You may have heard of the Large Hadron Collider (LHC) at CERN, the facility that discovered the Higgs Boson. But you might not have realised just how much experimental data is generated by the Collider, or thought about how all this data is stored for future use. Here at the Scientific Computing Department, it's our job to think about such issues.
Over 10% of the data generated by the third LHC run will be stored at our Scientific Data Centre, at the Rutherford Appleton Laboratory (RAL) in Oxfordshire. We are one of twelve global 'Tier-1' large computing centres responsible for the provision of infrastructure that archives, processes and analyses all this data.
To put this into perspective, leader of the Tier-1 team (which oversees the management of this data), Alastair Dewhurst, says, "At RAL, we expect to archive up to 40PB of data coming from CERN each year during LHC Run 3. This is the equivalent data rate of continuously streaming 400 4K Ultra HD videos, which would saturate a 10Gb/s network link for an entire year!"

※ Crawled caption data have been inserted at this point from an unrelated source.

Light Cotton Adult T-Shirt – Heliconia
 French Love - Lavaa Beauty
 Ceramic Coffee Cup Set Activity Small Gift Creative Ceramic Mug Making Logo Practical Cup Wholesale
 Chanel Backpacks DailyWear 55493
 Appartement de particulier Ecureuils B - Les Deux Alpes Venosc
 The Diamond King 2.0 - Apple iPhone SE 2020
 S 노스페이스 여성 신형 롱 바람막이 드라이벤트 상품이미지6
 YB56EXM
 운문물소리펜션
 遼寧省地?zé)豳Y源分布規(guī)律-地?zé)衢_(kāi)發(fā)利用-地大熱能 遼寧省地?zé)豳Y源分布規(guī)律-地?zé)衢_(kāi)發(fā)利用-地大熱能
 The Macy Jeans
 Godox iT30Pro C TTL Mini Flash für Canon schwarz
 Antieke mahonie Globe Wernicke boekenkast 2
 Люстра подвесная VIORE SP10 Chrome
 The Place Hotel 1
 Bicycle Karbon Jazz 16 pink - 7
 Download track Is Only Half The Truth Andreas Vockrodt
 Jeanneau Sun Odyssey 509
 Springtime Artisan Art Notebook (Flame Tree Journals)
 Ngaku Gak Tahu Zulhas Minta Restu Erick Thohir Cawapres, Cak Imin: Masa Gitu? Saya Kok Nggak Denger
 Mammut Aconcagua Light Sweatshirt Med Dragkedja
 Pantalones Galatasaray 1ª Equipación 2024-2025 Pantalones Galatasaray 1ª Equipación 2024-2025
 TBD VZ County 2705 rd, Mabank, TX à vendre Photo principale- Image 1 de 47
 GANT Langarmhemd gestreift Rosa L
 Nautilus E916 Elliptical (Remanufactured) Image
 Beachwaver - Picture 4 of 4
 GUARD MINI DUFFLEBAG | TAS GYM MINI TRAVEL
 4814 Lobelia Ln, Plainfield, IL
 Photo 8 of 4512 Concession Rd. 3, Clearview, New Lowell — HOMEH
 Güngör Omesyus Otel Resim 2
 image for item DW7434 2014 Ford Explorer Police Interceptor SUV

The amount of data we are expected to store is not the only concern. The true issue lies in the continuously increasing volume of data being generated. So, what would have been a solution for the required storage capacity last year, will not be sufficient for this year. And next year this will be exacerbated further.
The graph puts into context how the amount of data being generated from the LHC has increased over the last 14 years. To solve this data storage conundrum, our team invested in high-capacity automated tape libraries – also known as 'tape robots'. Such systems allow future enhancement of storage capacity whilst providing a low cost-per-gigabyte solution. We can also utilise the partitions in the library, or use multiple robotic interface modules (RIMs) active in the same partition, to respond to concurrent user requests 24/7.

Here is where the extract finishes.